Companies have been using newer, more efficient oil rigs, with improvements like autonomous drilling capabilities, more powerful horsepower, and technology that enables them to move without being taken down and rebuilt.
“Right now virtually all operating rigs are the most efficient and highly upgraded rigs available. Drillers saw big efficiency gains because they upgraded to a bigger rig but there are no bigger rigs left to upgrade to,” said Paul Mosvold, president and COO of Scandrill, whose company has seven rigs in the Haynesville and four in the Permian.
“Now it is incremental and tweaking, whereas before it was a wholesale upgrade. Those things aren’t going to make the level of efficiency gains we’ve seen in the last few years,” Mosvold added.
Energy consultancies have similar estimates for the number of rigs needed to keep production steady in the Permian Basin, ranging between 240 and 260.
The Permian rig count last fell by one in the week to August 1, to 259, the lowest since September 2021, according to Baker Hughes.

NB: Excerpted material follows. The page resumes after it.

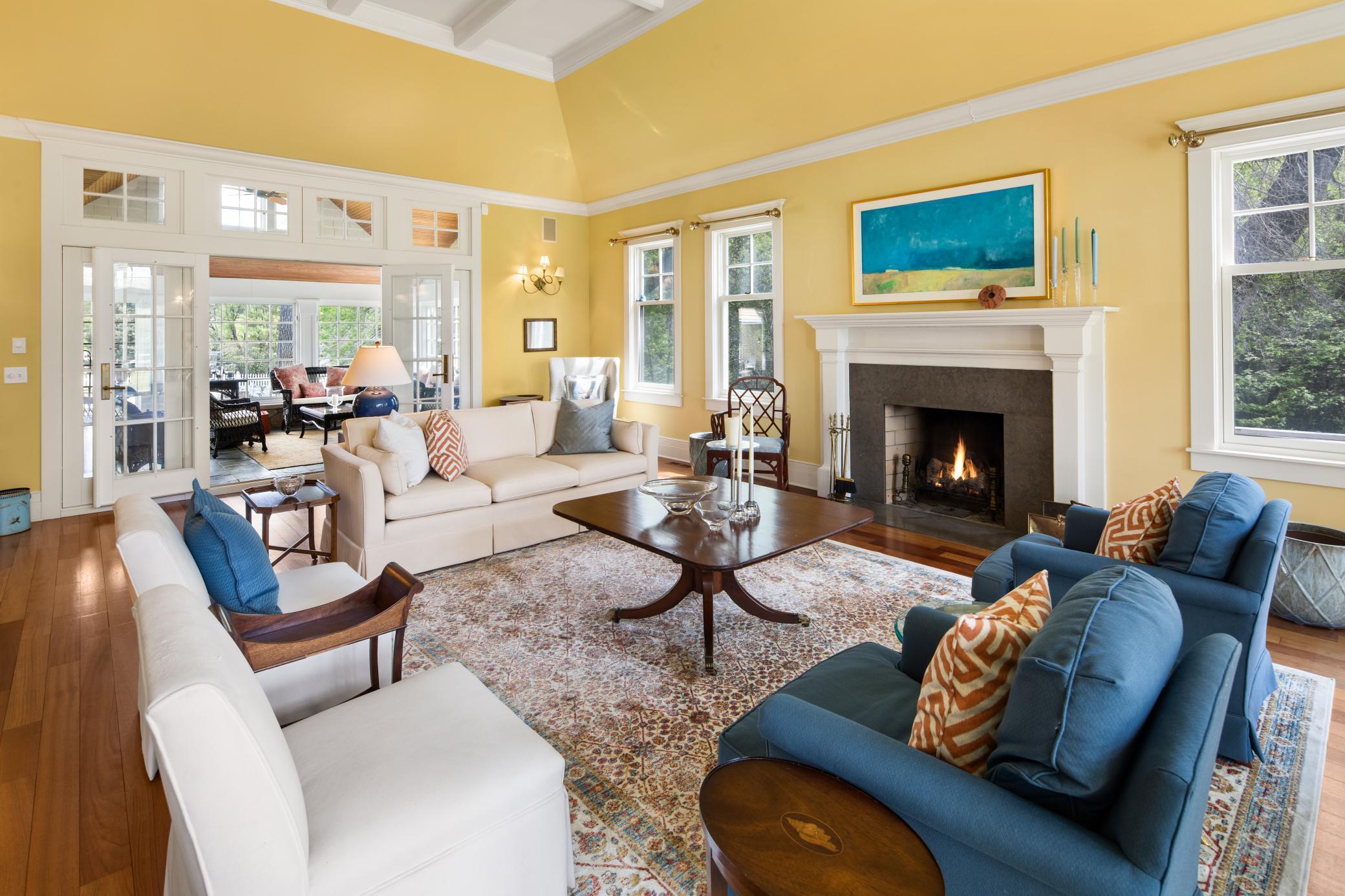 Formal living room with coffered ceilings, wood burning fireplace, and access to sunroom.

“We have seen a 25% improvement over the last few years in rig efficiency, but the rig count has fallen over 30% over that same period. Put simply, the rig count declines have begun to outpace drilling efficiency gains,” said Brandon Myers, head of research at Novi Labs.

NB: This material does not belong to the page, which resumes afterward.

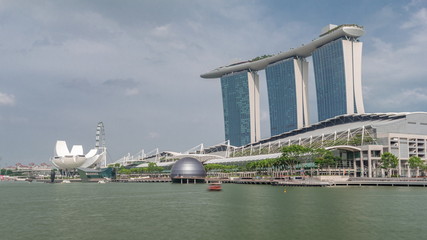 Fototapeta na wymiar Fifty-five storeys high Marina Bay Sands Hotel dominates the skyline at Marina Bay in Singapore timelapse hyperlapse.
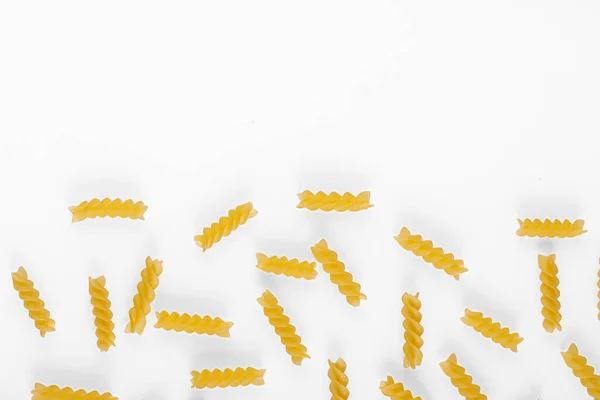 Pasta products in the form of a spiral, texture, on a white background close-up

“This is a recent development,” he added.
Market intelligence firm Energy Aspects expects the Permian rig count to continue falling, slipping below its own modeled 255 threshold for steady production, early next year. Consultancy Wood Mackenzie sees that basin’s rig count falling to 245 in early 2026 as prices fall due to higher OPEC+ output.

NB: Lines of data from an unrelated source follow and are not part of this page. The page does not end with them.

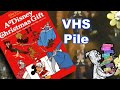 VHS Pile A Disney Christmas Gift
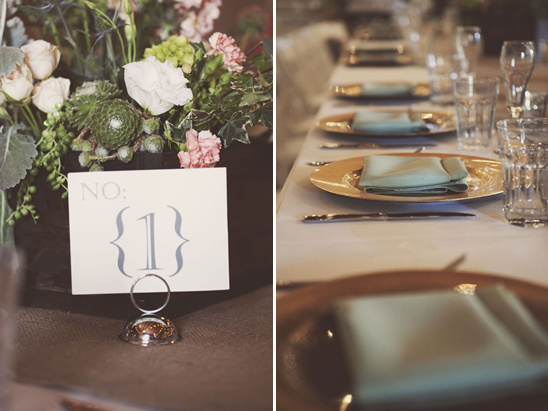Elegant wedding table setting with flowers and table number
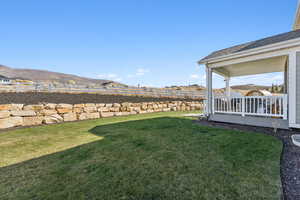 Fenced backyard featuring a deck with mountain view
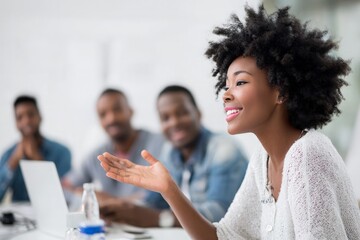 African American woman speaks, gestures, smiles during business meeting with African American men.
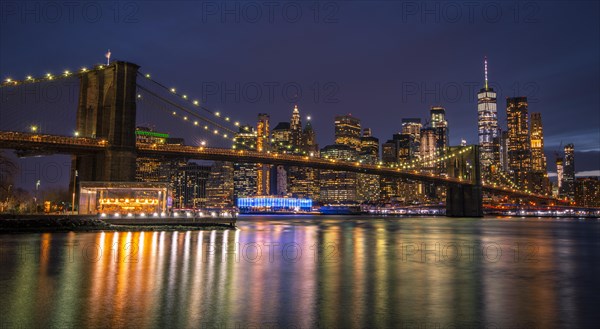 View from Main Street Park at night over the East River to the skyline of lower Manhattan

EFFICIENCY GAINS AND WELL PRODUCTIVITY
The Permian has been at the heart of the U.S. shale revolution, propelling the country to the top spot in the league of global oil producers. Output there is expected to reach 6.58 million bpd this month, more than triple what it produced a decade ago in August 2015, according to the EIA.
In the Permian’s Midland basin, oil companies have raised the number of feet drilled per month per rig, or drilling efficiency, by 25% since the first quarter of 2023, according to Novi Labs. In 2024 around 40% of laterals in Midland were over 2.5 miles long, compared with 15% in 2021.
Despite improvements to drilling technologies, oil wells in the Permian basin are becoming less productive as operators have drilled through a lot of the best rock. Those less productive wells cost more to drill and are producing more unwanted byproducts such as gas and water, and less oil.
The Permian’s Delaware and Midland sub-basins have seen oil per foot drilled fall 8% so far in 2025 compared with last year’s average, Morgan Stanley analysts said in a July note.
“If the rig count drops don’t turn around soon, we’re going to see U.S. production declines well into 2026, including in the Permian basin,” said Energy Aspects analyst Jesse Jones. He anticipates Permian production, which currently stands at 6.55 million bpd, to fall by 150,000 bpd to 6.25 million bpd in 2026, due to fewer rigs and completions as well as a degradation in well productivity.
Declines in oil production as a result of a falling rig count will take six to nine months to show, due to the time it takes to drill and complete wells, analysts said.
Novi Labs expects Permian production will fall slightly by the end of the year, before dipping into the sub-6.5 million bpd range in the first quarter of 2026. Meanwhile, Wood Mackenzie sees Permian output growth flattening in 2026 at 6.55 million bpd. The EIA projects output to average 6.53 million bpd in 2025, before edging down to 6.5 million bpd in 2026.
“In 2020, when the rig count fell, operators drilled the best rock they were ever going to have. That high-quality inventory doesn’t exist in that quantity anymore, and operators won’t be able to do that again to the same degree,” said Novi Labs’ Myers.